There was a personal helicopter, the RotorWway Scorpion. Problem was the cost and the FAA license requirements. I suppose that this is the same position that the automobile was in before the Model A.
These predictions are useful. Not all of us have the imagination needed to where to go next.
Oops, Model T. Sorry.
I think that a big spur to mass-market computer development since the late 1970’s has been video gaming. Many people like that form of entertainment, enough to create big markets for game consoles: computer hardware designed for video-game duty. Desktop and laptop computer hardware has also been pushed ahead by many people using their machines for video gaming. In the late 1970’s, video-game displays were crudely pixelated in only a few colors, but by the late 1990’s, video cards capable of rendering 3-dimensional scenes had become common.
So we now have a bizarre economic paradox.
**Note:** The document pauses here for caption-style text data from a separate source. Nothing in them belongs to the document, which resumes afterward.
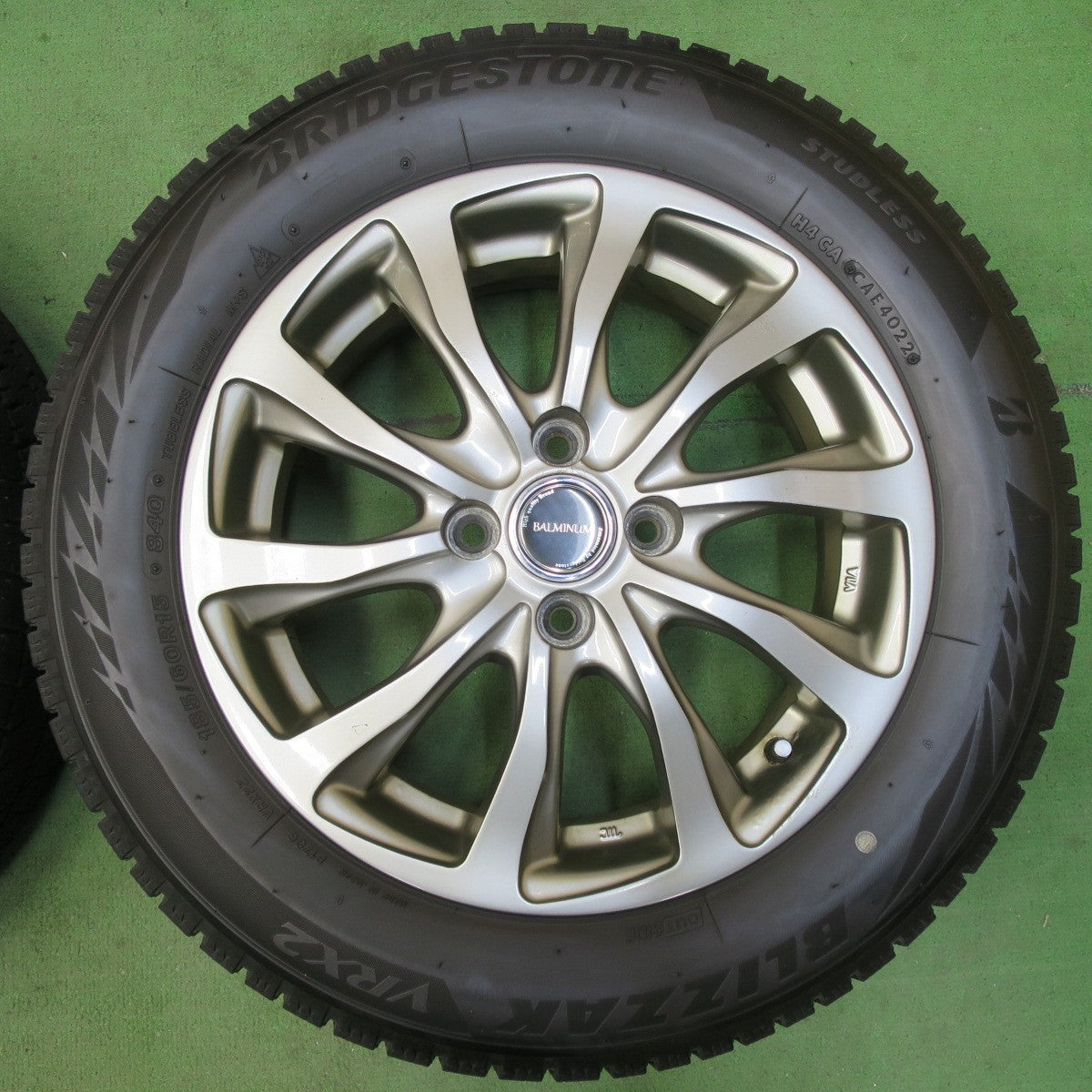 バリ溝!22年!8.5分★スタッドレス 185/60R15 ブリヂストン ブリザック VRX2 BALMINUM バルミナ 15インチ PCD100/4H★5042505イス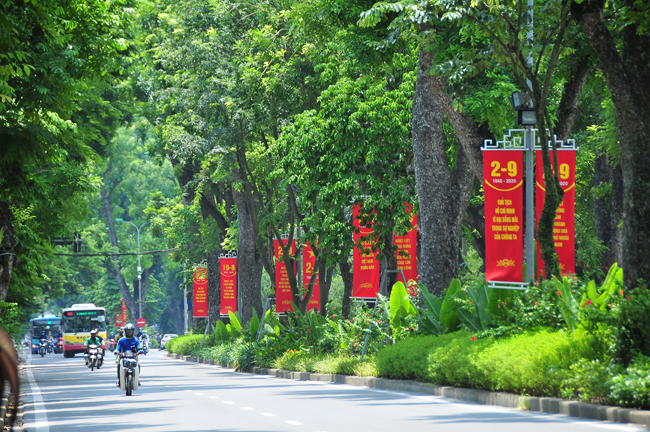 Hà Nội rực rỡ chào đón Quốc khánh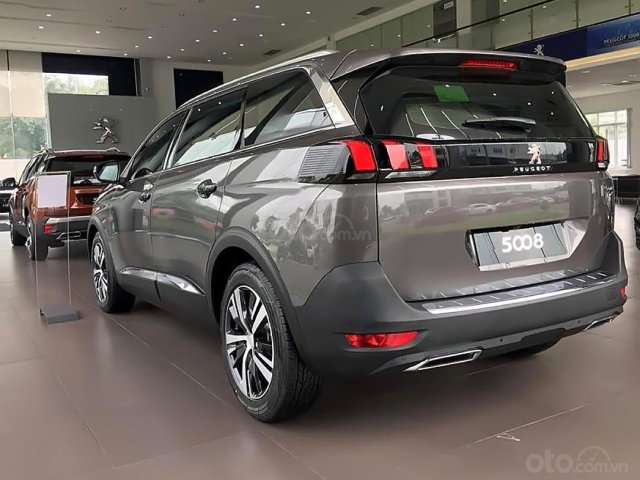 Bán Peugeot 5008 1.6 AT sản xuất 2019, các tính năng công nghệ, tiện nghi hiện đại0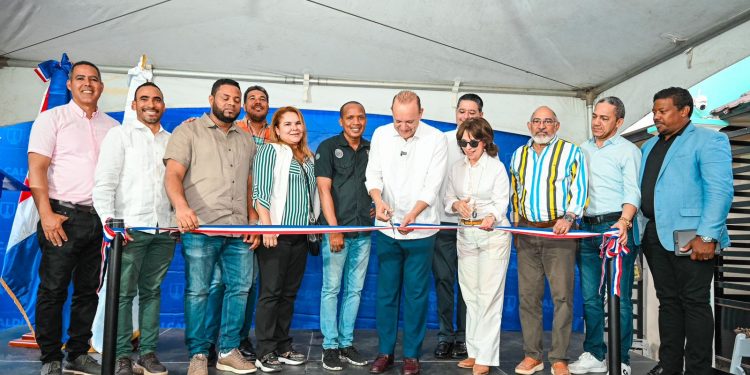 Alcaldía de Santiago transforma calles de Los Prado con nuevas aceras, contenes y asfaltado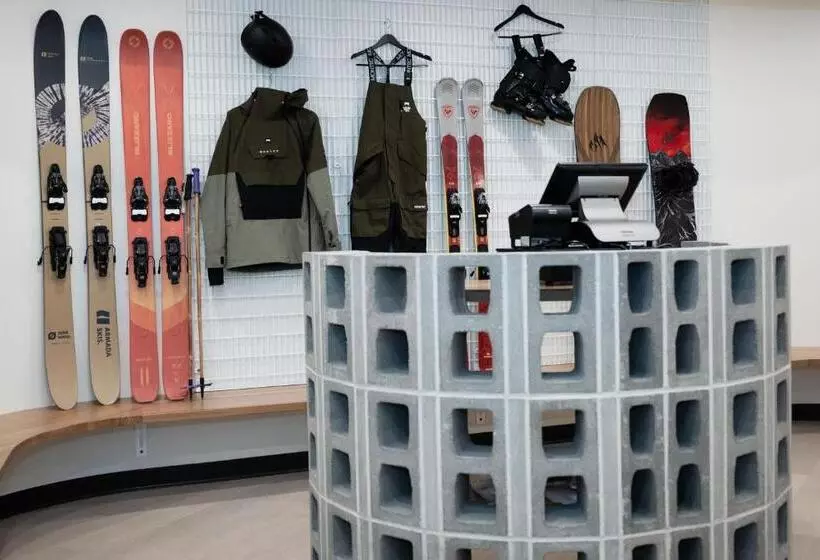 モーテル Vrge Revelstoke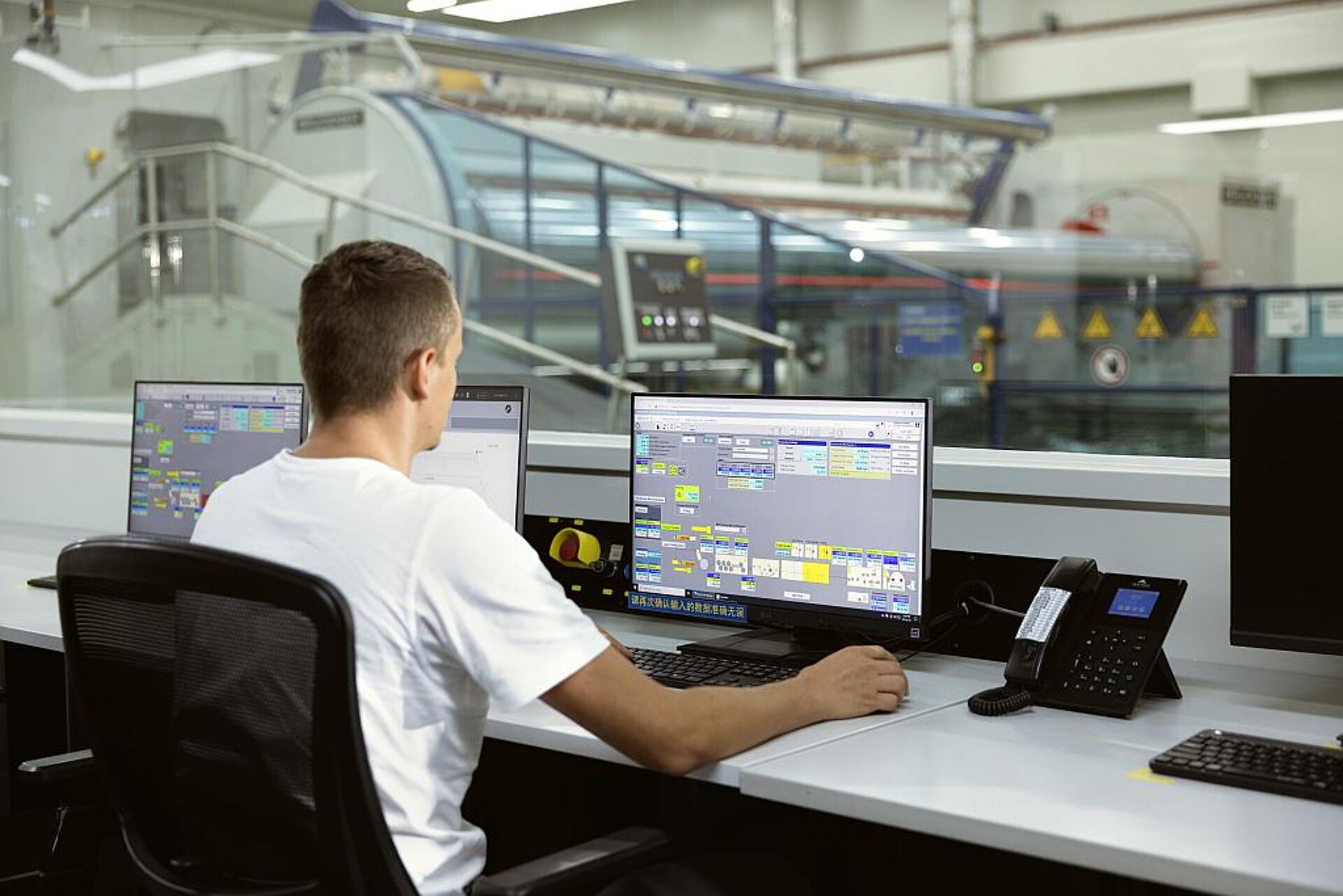 Mit digitalen Lösungen sollen die Produktivität und der Bedienkomfort bestehender Folienreckanlagen gesteigert werden. (Foto: Brückner Servtec)
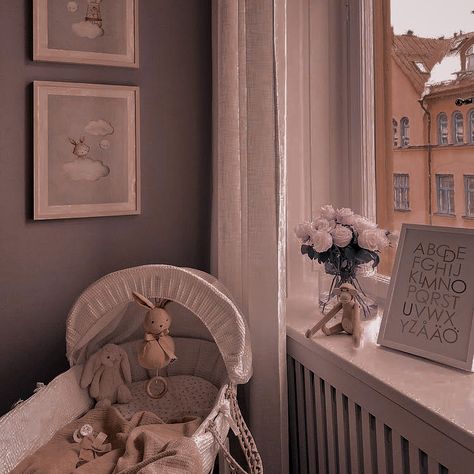 Bassinet Aesthetic, Baby Aesthetic, Family Aesthetic, Vintage Family, Baby Room Inspiration, Colleen Hoover, Baby Crib, Night Aesthetic, Baby Decor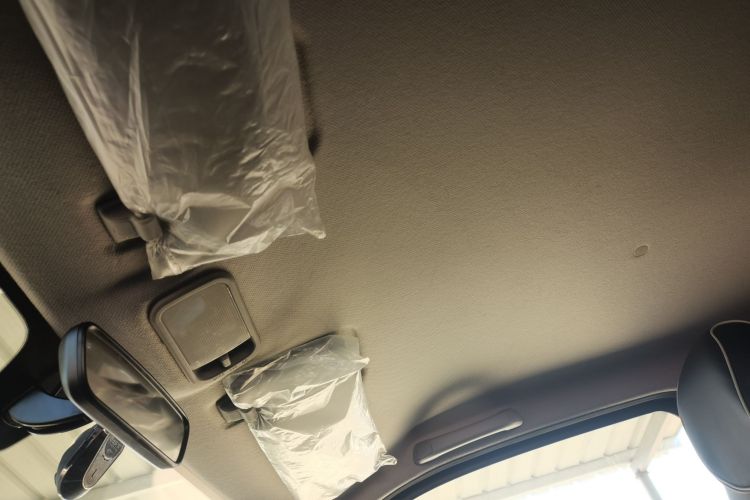 五菱汽车 宏光MINIEV 2022款 GAMEBOY 200km 玩咖款 磷酸铁锂中控内饰22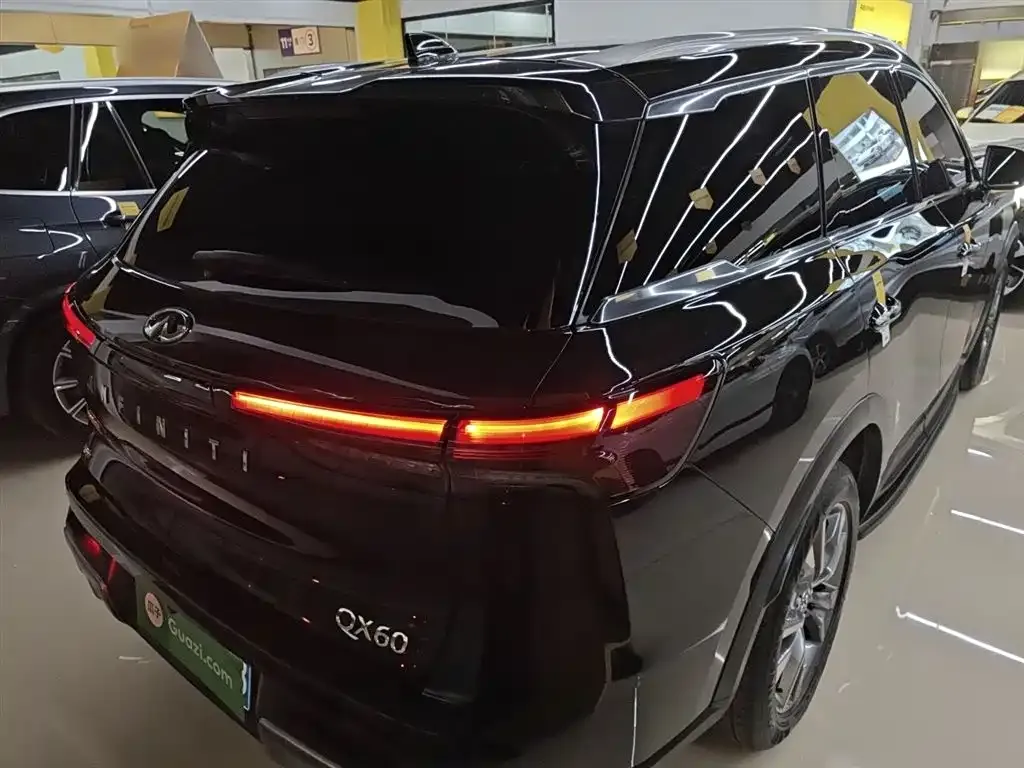 Infiniti QX60 2024 из CN, фото 3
One can get a top-of-the-line desktop computer for much less than one has to pay for a house or an education. That computer can easily outperform even the biggest supercomputers of half a century ago, and do so while running a much nicer user interface. Supercomputers that would easily have cost several million dollars of money back then.
Also, some sorts of technology have turned out to be much more difficult than expected. Space travel and artificial intelligence, for instance.
Instead of astronauts flying all over the Solar System, the farthest that most of the 500-odd space travelers have gone is low Earth orbit, and the 24 exceptions only flew as far as the Moon. Space stations are not those big spinning wheels of half a century ago but more like piles of tin cans and scrap metal. However, remote-controlled spacecraft have been sent to every other planet and to several smaller objects.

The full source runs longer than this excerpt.